What you should do: Below is a listing. Write out exactly its lines between the one holding "Brinquedos infantis –" and the one holding "DIVASTRI Woven Design", inclusive.

○ ○ ○ ○

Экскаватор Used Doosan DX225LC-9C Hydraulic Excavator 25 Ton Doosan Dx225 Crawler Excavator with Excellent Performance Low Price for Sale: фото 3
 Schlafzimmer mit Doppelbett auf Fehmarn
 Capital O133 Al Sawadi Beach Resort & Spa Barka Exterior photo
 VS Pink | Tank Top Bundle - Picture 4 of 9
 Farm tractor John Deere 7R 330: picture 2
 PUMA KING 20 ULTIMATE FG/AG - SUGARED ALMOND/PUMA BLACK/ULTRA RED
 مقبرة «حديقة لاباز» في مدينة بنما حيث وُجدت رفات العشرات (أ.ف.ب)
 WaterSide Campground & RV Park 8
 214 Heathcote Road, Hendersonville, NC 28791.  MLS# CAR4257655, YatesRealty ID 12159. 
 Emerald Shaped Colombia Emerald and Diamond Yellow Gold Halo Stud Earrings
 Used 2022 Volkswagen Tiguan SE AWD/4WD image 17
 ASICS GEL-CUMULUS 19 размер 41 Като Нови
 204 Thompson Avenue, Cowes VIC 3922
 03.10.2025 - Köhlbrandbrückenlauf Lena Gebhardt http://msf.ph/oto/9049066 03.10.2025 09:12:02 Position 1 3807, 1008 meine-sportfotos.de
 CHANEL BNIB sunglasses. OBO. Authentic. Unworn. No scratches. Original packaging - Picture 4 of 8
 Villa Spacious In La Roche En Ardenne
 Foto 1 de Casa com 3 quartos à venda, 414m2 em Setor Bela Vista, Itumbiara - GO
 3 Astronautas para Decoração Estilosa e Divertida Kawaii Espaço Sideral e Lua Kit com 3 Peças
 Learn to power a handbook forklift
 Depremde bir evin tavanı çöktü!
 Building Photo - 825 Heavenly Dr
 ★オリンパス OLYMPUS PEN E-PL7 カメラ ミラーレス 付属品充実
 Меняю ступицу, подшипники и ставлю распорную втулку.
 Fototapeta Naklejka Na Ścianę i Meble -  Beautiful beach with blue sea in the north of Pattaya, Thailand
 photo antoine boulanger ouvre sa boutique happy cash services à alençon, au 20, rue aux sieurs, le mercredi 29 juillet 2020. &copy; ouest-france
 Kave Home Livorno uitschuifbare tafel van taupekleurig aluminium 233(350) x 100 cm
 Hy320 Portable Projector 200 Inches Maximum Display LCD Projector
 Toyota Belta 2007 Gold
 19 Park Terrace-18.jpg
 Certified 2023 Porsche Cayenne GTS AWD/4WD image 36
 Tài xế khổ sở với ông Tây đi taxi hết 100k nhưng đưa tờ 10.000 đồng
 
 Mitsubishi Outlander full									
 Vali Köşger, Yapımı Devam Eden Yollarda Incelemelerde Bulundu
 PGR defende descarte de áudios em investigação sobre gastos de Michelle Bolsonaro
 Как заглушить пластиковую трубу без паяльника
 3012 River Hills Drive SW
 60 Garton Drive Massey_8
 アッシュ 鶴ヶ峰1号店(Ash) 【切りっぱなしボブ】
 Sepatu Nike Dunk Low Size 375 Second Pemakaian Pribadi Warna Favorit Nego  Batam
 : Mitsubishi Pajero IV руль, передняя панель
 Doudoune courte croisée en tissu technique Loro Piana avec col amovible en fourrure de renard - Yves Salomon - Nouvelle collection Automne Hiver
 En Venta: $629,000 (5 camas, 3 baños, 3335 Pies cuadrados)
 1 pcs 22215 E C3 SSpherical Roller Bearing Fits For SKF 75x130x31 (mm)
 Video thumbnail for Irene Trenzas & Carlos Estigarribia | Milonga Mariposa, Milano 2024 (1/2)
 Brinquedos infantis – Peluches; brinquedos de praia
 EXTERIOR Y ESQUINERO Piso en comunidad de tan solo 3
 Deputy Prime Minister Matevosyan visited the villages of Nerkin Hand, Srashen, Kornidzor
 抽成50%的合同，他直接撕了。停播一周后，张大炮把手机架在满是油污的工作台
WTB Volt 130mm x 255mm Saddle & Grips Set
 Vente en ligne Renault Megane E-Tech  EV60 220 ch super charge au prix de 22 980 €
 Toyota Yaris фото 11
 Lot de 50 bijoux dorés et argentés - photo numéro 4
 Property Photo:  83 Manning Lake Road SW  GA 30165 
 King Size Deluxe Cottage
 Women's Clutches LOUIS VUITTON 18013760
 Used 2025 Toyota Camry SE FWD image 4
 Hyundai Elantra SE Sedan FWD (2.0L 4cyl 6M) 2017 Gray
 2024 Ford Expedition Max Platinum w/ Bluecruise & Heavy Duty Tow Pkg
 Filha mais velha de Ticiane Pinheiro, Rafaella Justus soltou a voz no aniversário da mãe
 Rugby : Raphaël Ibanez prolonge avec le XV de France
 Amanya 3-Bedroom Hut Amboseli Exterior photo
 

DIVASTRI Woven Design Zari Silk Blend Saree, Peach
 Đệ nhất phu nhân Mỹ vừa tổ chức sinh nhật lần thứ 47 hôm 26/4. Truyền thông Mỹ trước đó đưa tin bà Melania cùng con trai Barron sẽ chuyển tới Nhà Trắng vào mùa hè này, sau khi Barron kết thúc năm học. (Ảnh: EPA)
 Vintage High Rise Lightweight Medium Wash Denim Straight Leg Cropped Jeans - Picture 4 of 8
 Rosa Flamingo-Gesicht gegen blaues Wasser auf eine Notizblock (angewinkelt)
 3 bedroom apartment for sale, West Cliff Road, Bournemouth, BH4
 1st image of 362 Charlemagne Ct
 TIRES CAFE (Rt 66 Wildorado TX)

○ ○ ○ ○

Solution:
 Brinquedos infantis – Peluches; brinquedos de praia
 EXTERIOR Y ESQUINERO Piso en comunidad de tan solo 3
 Deputy Prime Minister Matevosyan visited the villages of Nerkin Hand, Srashen, Kornidzor
 抽成50%的合同，他直接撕了。停播一周后，张大炮把手机架在满是油污的工作台
WTB Volt 130mm x 255mm Saddle & Grips Set
 Vente en ligne Renault Megane E-Tech  EV60 220 ch super charge au prix de 22 980 €
 Toyota Yaris фото 11
 Lot de 50 bijoux dorés et argentés - photo numéro 4
 Property Photo:  83 Manning Lake Road SW  GA 30165 
 King Size Deluxe Cottage
 Women's Clutches LOUIS VUITTON 18013760
 Used 2025 Toyota Camry SE FWD image 4
 Hyundai Elantra SE Sedan FWD (2.0L 4cyl 6M) 2017 Gray
 2024 Ford Expedition Max Platinum w/ Bluecruise & Heavy Duty Tow Pkg
 Filha mais velha de Ticiane Pinheiro, Rafaella Justus soltou a voz no aniversário da mãe
 Rugby : Raphaël Ibanez prolonge avec le XV de France
 Amanya 3-Bedroom Hut Amboseli Exterior photo
 

DIVASTRI Woven Design Zari Silk Blend Saree, Peach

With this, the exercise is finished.